Data extract Start Marker

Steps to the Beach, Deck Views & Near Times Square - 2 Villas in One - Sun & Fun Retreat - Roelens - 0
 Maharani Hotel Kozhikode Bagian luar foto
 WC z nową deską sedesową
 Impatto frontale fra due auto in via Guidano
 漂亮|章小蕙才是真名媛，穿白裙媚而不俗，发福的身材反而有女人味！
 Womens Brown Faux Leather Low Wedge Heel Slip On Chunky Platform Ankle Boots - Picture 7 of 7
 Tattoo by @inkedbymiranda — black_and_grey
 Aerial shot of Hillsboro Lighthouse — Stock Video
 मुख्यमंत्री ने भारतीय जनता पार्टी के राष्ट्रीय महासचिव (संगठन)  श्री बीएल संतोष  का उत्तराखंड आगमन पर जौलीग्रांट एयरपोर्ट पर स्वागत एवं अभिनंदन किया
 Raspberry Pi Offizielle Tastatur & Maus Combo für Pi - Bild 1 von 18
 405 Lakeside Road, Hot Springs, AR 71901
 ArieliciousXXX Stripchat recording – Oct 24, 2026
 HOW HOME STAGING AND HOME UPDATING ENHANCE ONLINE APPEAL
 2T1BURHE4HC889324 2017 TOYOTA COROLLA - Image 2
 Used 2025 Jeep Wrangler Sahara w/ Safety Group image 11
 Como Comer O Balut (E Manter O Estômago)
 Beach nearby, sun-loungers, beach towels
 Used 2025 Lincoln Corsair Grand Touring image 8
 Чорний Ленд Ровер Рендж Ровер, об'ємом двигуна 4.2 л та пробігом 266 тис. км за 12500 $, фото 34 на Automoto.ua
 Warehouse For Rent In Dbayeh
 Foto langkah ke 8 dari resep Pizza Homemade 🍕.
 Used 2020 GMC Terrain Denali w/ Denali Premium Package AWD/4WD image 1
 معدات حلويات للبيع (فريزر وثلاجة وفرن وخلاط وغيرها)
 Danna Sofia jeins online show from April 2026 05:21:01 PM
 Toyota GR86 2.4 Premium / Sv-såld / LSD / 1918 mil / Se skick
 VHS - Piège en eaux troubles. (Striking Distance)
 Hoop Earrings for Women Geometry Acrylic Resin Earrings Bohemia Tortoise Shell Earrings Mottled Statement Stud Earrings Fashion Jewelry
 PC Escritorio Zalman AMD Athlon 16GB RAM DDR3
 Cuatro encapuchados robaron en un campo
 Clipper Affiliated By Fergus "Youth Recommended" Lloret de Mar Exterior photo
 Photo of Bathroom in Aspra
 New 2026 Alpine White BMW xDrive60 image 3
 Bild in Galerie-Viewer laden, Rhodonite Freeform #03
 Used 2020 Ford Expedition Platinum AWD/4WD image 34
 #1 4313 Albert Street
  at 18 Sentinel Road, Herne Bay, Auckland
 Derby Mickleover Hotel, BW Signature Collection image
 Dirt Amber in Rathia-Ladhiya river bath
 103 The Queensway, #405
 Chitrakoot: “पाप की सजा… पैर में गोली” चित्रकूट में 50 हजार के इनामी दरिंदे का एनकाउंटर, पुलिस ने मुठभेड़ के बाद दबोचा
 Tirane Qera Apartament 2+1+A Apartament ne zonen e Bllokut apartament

Data extract End Marker

Action item =
From the material above, set down exactly the lines starting at the one with "Danna Sofia jeins" and ending at the one with "PC Escritorio Zalman", end lines included.

Task response =
 Danna Sofia jeins online show from April 2026 05:21:01 PM
 Toyota GR86 2.4 Premium / Sv-såld / LSD / 1918 mil / Se skick
 VHS - Piège en eaux troubles. (Striking Distance)
 Hoop Earrings for Women Geometry Acrylic Resin Earrings Bohemia Tortoise Shell Earrings Mottled Statement Stud Earrings Fashion Jewelry
 PC Escritorio Zalman AMD Athlon 16GB RAM DDR3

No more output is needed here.